Captioned web images:
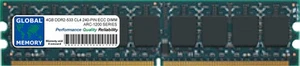 4GB DDR2 533MHz PC2-4200 240-PIN ECC DIMM RAID RAM ARECA ARC-1680ix-8/12/16/24  - Picture 1 of 1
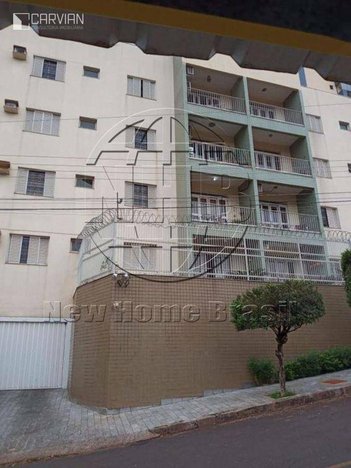 apartment em Rua Cabedelo, Jardim Sumaré - Ribeirão Preto - SP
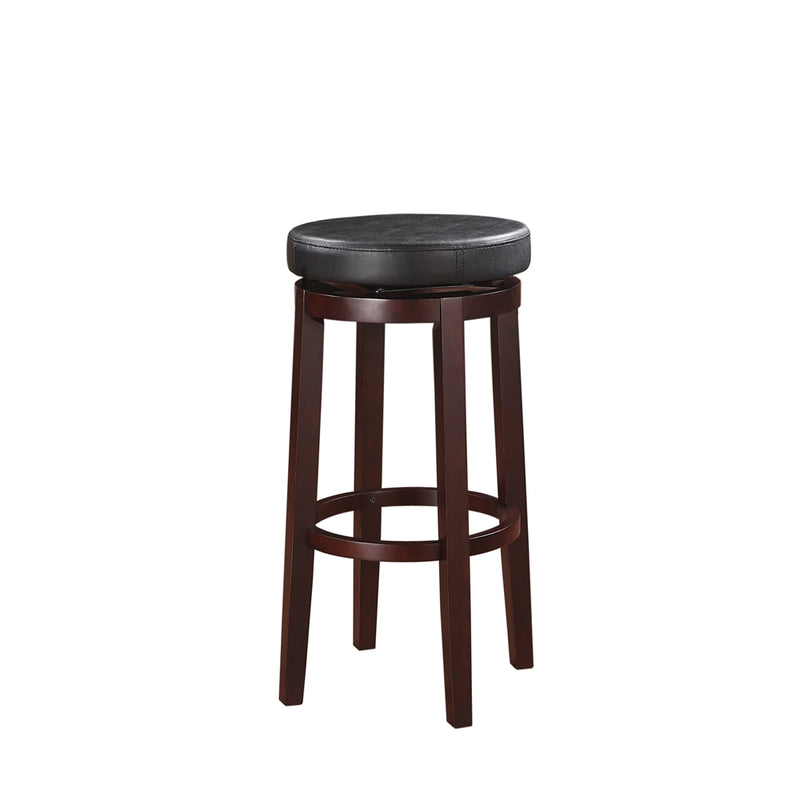 Maya Black 29 Inches Bar Stool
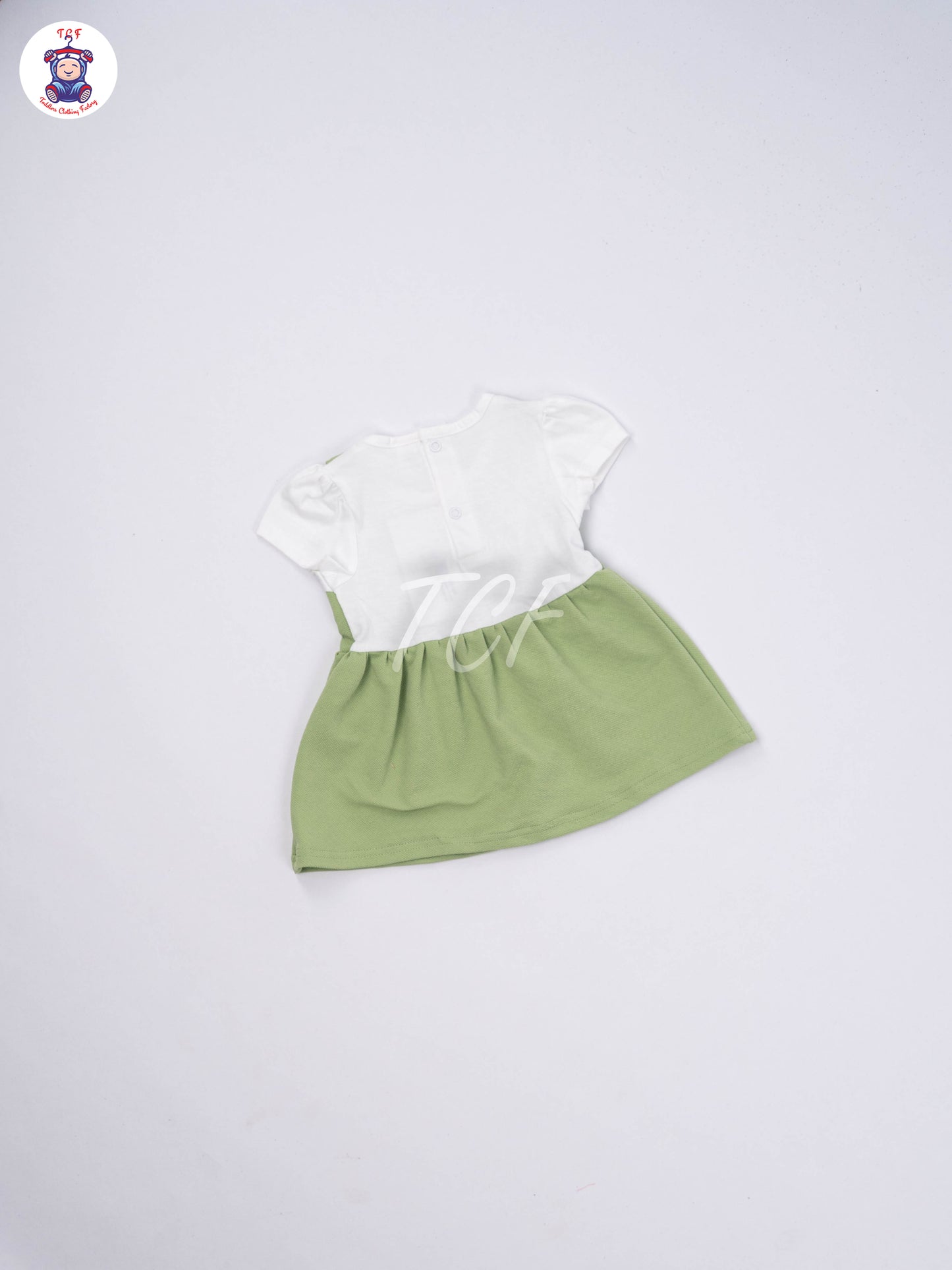 White & Green - Jumpsuits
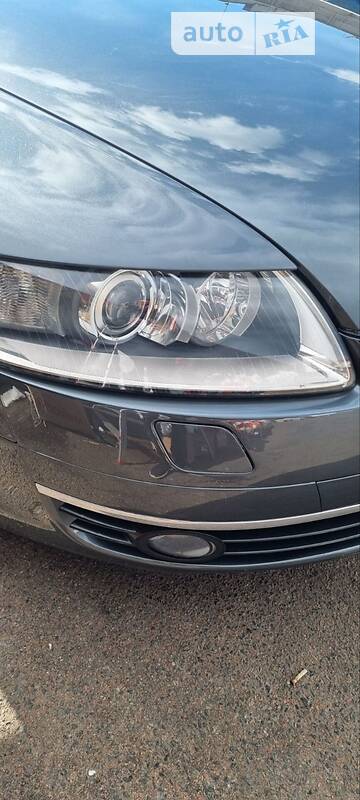 Седан Audi A6 2006 в Мукачево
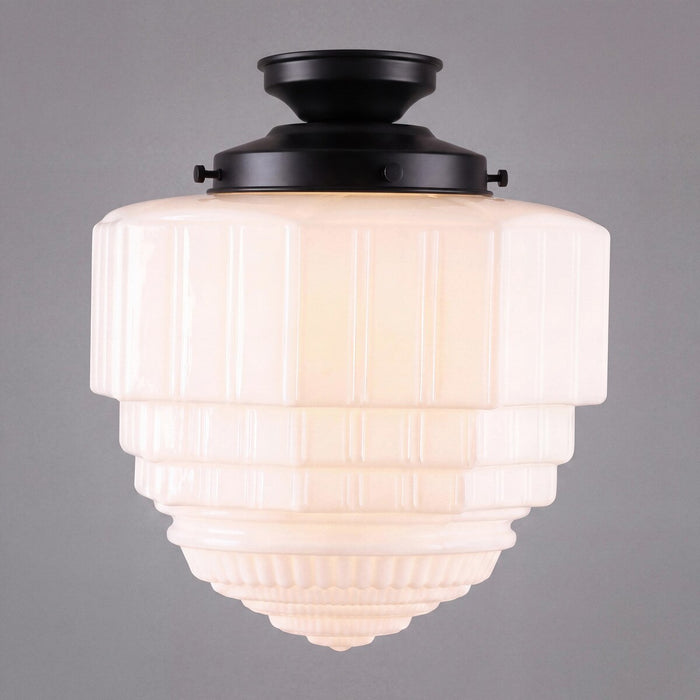 St Helens Batten Fix Light Patina & Opal Gloss - 3090625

REQUIRED ACTION: The records above need to be copied exactly, with the pictures left out.

EXERCISE ANSWER:
 4GB DDR2 533MHz PC2-4200 240-PIN ECC DIMM RAID RAM ARECA ARC-1680ix-8/12/16/24  - Picture 1 of 1
 apartment em Rua Cabedelo, Jardim Sumaré - Ribeirão Preto - SP
 Maya Black 29 Inches Bar Stool
 White & Green - Jumpsuits
 Седан Audi A6 2006 в Мукачево
 St Helens Batten Fix Light Patina & Opal Gloss - 3090625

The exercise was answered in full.